Côté investisseurs, la question clé demeure l’accès au financement du commerce extérieur. Sans la garantie d’une banque disposant d’un rating international, les lettres de crédit émises par des établissements régionaux risquent de se renchérir. La Banque africaine de développement a d’ores et déjà indiqué travailler à des mécanismes de partage de risques destinés à combler ce vide.
Regards croisés d’experts sur la portée diplomatique du retrait
Pour un ancien responsable de la Banque d’Angleterre, interrogé sous couvert d’anonymat, « la décision illustre la difficulté, pour une banque occidentale, de concilier ambitions globales et réalités réglementaires locales ». Du côté du Trésor sud-africain, on rappelle que la coopération financière Nord-Sud passe de plus en plus par des plateformes multilatérales, à l’image de l’African Trade Insurance Agency, plutôt que par des filiales de grands groupes étrangers.
La dimension diplomatique n’est pas anodine.

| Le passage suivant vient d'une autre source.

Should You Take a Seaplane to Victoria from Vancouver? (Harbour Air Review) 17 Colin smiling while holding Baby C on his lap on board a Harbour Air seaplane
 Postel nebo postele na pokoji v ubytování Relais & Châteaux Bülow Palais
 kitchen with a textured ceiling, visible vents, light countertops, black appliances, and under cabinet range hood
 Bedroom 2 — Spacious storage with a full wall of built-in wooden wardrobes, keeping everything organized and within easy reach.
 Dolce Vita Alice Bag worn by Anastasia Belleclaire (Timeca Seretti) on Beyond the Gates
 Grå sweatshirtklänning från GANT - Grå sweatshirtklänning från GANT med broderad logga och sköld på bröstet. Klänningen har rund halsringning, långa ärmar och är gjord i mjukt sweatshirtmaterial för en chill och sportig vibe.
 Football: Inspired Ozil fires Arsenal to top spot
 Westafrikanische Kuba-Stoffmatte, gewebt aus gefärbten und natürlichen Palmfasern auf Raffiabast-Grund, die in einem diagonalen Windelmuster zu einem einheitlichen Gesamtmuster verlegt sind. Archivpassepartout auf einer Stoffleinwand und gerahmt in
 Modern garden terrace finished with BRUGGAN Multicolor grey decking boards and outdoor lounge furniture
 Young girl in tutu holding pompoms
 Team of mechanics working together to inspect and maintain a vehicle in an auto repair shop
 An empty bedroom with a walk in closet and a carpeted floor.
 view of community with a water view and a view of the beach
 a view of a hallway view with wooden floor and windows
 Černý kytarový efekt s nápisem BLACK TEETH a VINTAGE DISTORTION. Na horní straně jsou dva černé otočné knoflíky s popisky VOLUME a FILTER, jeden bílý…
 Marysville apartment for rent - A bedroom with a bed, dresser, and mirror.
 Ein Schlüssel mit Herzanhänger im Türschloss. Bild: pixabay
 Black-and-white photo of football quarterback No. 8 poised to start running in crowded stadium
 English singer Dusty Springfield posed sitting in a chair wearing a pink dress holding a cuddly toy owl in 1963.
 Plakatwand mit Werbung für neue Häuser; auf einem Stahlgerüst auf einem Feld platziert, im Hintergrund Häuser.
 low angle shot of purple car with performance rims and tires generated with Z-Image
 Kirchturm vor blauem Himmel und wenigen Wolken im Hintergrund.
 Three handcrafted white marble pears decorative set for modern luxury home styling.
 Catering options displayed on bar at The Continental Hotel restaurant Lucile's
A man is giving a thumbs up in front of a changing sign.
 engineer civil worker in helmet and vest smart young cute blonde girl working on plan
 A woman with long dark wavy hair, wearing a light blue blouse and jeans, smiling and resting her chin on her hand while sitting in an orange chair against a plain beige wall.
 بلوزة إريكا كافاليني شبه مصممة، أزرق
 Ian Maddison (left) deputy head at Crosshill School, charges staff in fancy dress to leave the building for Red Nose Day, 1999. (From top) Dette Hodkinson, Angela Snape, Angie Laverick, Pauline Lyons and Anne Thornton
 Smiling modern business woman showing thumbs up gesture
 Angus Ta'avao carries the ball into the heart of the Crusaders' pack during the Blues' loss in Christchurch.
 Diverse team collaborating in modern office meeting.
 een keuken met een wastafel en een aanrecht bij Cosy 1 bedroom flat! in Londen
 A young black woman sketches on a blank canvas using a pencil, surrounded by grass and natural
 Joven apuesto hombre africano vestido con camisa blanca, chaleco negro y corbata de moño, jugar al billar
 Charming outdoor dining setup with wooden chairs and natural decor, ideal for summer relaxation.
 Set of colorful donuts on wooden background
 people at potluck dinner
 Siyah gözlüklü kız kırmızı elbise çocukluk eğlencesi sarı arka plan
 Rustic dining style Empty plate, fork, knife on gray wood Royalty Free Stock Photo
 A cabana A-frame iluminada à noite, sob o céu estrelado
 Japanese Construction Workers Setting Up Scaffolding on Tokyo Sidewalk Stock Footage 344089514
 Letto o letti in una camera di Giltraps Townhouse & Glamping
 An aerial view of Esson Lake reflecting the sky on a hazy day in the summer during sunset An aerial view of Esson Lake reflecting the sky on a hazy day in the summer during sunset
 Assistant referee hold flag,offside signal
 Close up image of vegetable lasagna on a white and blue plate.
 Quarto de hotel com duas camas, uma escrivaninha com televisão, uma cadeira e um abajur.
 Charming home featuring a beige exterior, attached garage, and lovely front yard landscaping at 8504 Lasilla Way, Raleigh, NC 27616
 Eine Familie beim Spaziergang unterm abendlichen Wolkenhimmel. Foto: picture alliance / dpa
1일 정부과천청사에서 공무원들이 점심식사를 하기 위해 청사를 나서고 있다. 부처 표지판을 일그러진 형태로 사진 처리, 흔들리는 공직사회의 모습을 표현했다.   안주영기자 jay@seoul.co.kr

Le retrait de Standard Chartered intervient alors que Londres promeut son initiative Global Britain et multiplie les missions commerciales sur le continent. En renonçant à trois marchés jugés non stratégiques, la City semble vouloir concentrer ses forces sur des corridors jugés plus compatibles avec ses priorités industrielles et énergétiques, au premier rang desquels le Kenya et le Ghana. Loin de jeter un voile d’ombre sur la relation Afrique-Royaume-Uni, l’épisode rappelle surtout la métamorphose permanente de la finance mondiale : mobile, sélective et soumise à l’arbitraire des cycles monétaires.
Reste que les 217 millions USD de perte, bien que significatifs, représentent moins d’un pour cent des revenus annuels du groupe. Standard Chartered conserve donc des marges de manœuvre pour renforcer ses investissements dans les hubs où il estime disposer d’un avantage comparatif, notamment la gestion de patrimoine à Singapour et la banque d’investissement à Dubaï.
Entre nécessité comptable et réalpolitik financière
En refermant le chapitre angolais, zimbabwéen et sierra-léonais, Standard Chartered acte une page d’histoire ouverte dès le XIXᵉ siècle. La perte de 217 millions USD n’est que la cristallisation d’une réalité plus profonde : la fragmentation croissante du marché bancaire africain et l’émergence d’acteurs domestiques puissants bouleversent l’équilibre traditionnel des flux de capitaux. Pour les diplomates et décideurs qui observent la scène, le cas Standard Chartered souligne l’importance pour chaque État de disposer d’un écosystème financier résilient, apte à absorber les chocs de change et à conserver les capitaux au service du développement local.